Exercise brief :: Would you transcribe the entries below, beginning at the line with "Toyota Alphard 2015" and ending after the line with "Photo of property", exactly, with no picture and nothing more?

Exercise materials ::
---*---
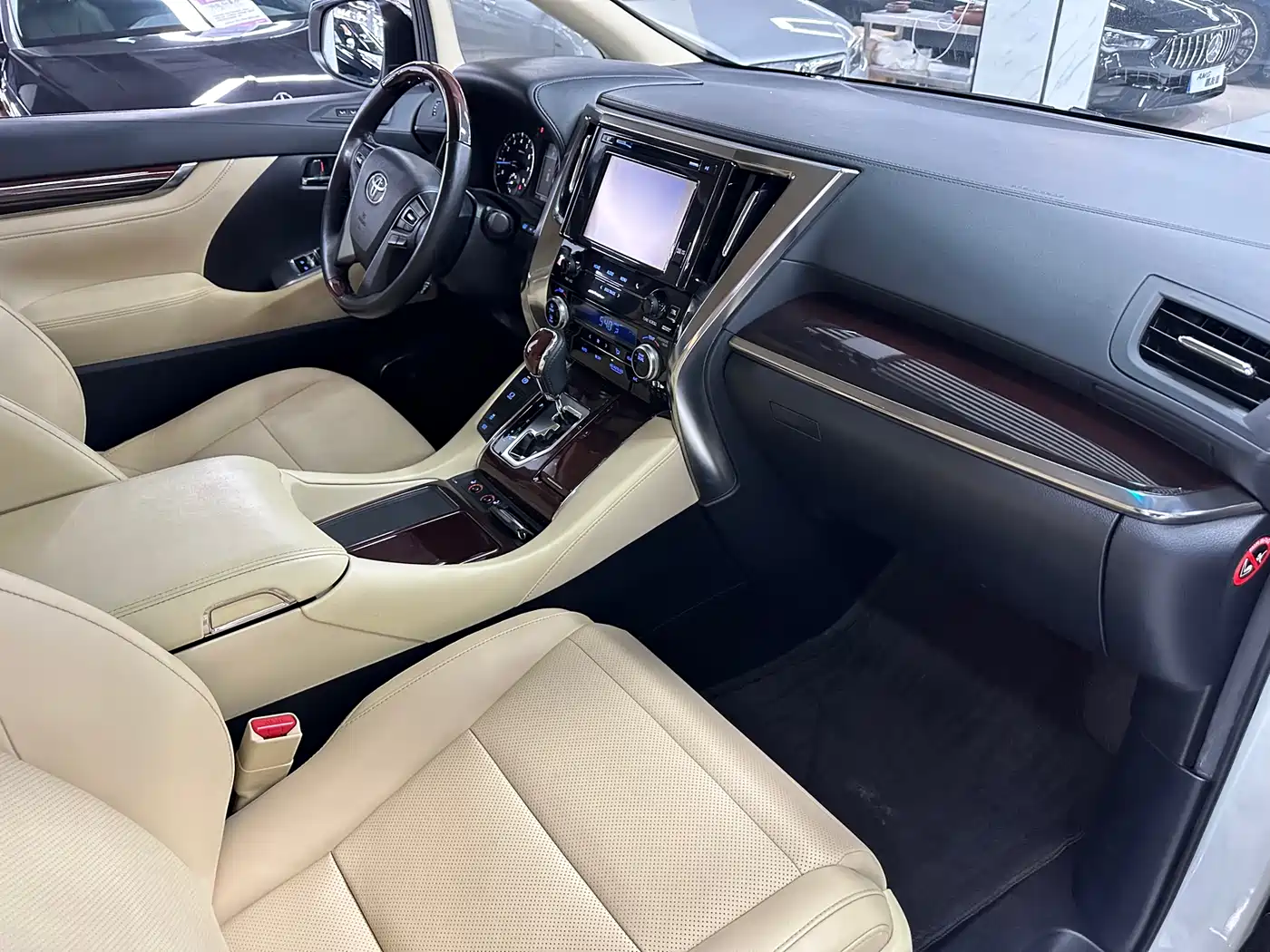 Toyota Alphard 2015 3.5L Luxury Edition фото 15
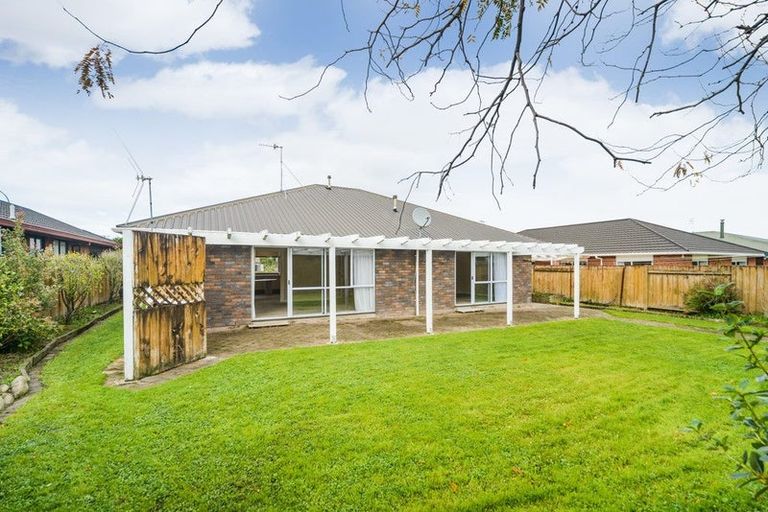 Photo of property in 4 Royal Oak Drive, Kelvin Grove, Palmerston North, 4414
---*---
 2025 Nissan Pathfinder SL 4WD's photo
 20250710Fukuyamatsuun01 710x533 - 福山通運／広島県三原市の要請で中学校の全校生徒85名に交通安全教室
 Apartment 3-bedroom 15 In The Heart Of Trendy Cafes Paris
---*---
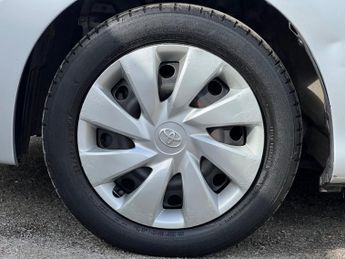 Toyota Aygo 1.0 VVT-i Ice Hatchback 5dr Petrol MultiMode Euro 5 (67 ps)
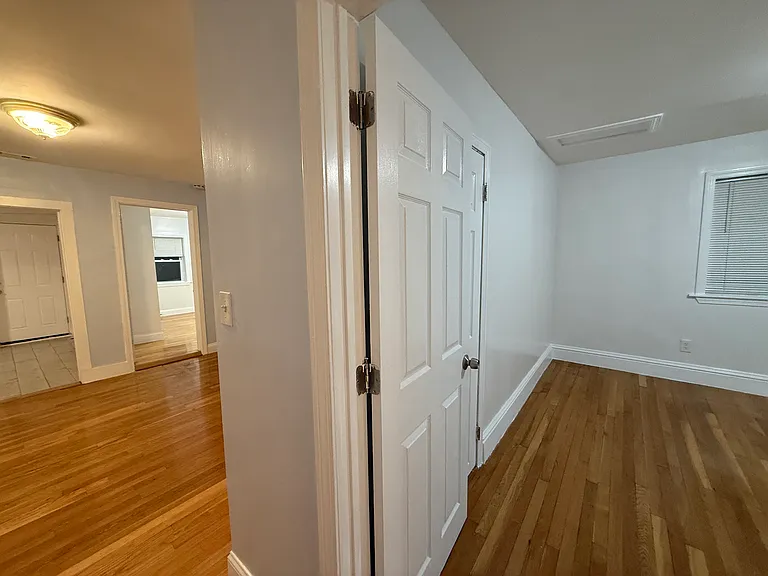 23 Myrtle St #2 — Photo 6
---*---
Exercise response ::
 Toyota Alphard 2015 3.5L Luxury Edition фото 15
 Photo of property in 4 Royal Oak Drive, Kelvin Grove, Palmerston North, 4414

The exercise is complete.